Lost in all the recent noise about health care reform and the media sensation surrounding the arrest of Harvard Professor Henry Louis Gates Jr. was a rather thoughtful speech delivered by President Barack Obama at the annual NAACP convention, held last month in New York City.

It was a historic occasion. Started in 1909, the National Association for the Advancement of Colored People was celebrating its 100th anniversary. And while some critics questioned the usefulness of the venerable civil rights organization after the U.S. Supreme Court’s 1954 decision in the Brown v. Board of Education case and the passage of civil rights laws in the 1960s, none of that sentiment appeared in Obama’s speech.

In fact, the president urged the group to press on toward another milestone.

“One hundred years from now,” Obama concluded, “on the 200th anniversary of the NAACP, let it be said that this generation did its part; that we too ran the race.”

It is almost laughable these days to even suggest that Obama is not black enough, as many mainstream news organizations did during the early days of the presidential campaign. Most egregious were the words of Stanley Crouch, the bombastic New York Daily News columnist.

“Obama’s mother is of white U.S. stock. His father is a black Kenyan,” Crouch wrote in a Nov. 2, 2006, piece entitled “What Obama Isn’t: Black Like Me.”

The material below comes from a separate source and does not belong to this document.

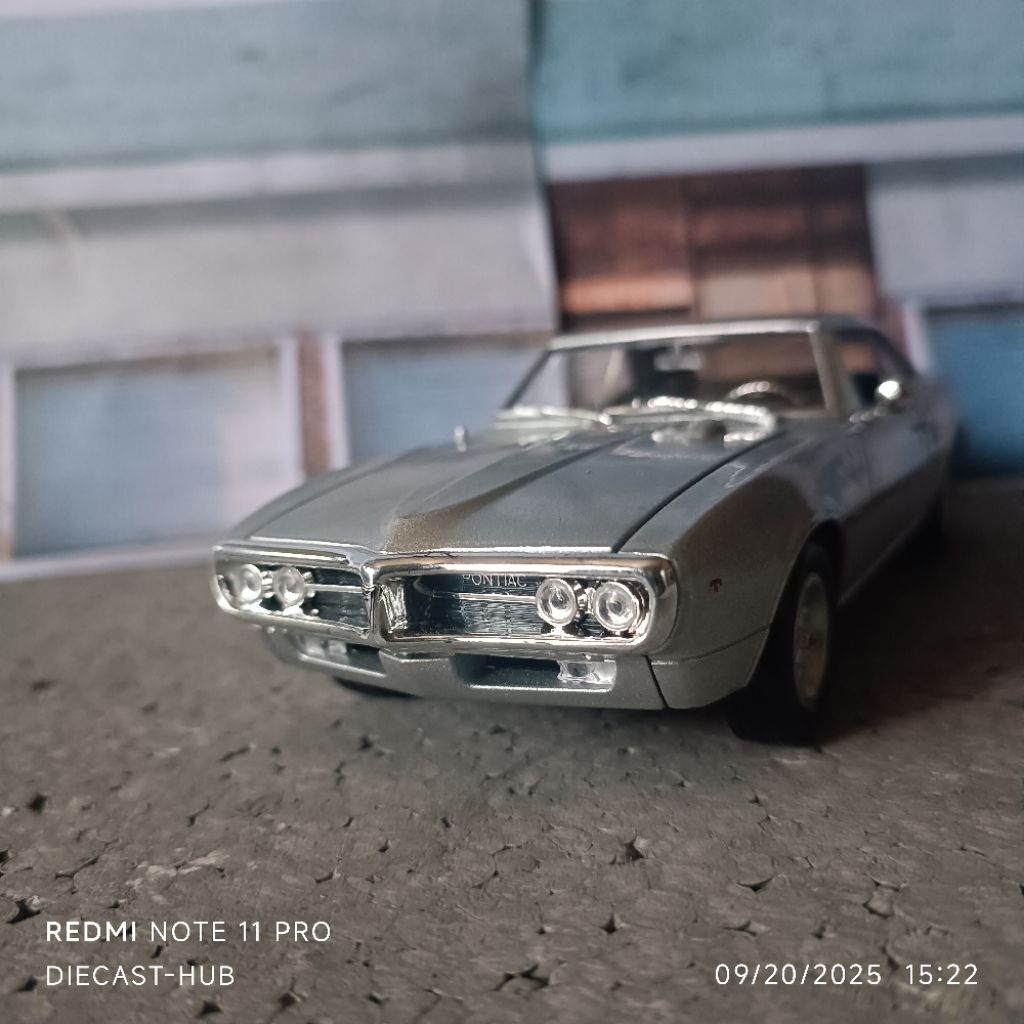 Pontiac Firebird 1967 Diecast skala 1:24 By WellyNex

But Obama was black enough that night in New York City, trumpeting the achievements of the nation’s oldest civil rights group while at the same time exhorting African Americans to use his well-known story as an example of what can be achieved when all Americans work together for a common good.

“What we celebrate tonight,” Obama said, “is not simply the journey the NAACP has traveled, but the journey that we, as Americans, have traveled … Because of what they did, we are a more perfect union.”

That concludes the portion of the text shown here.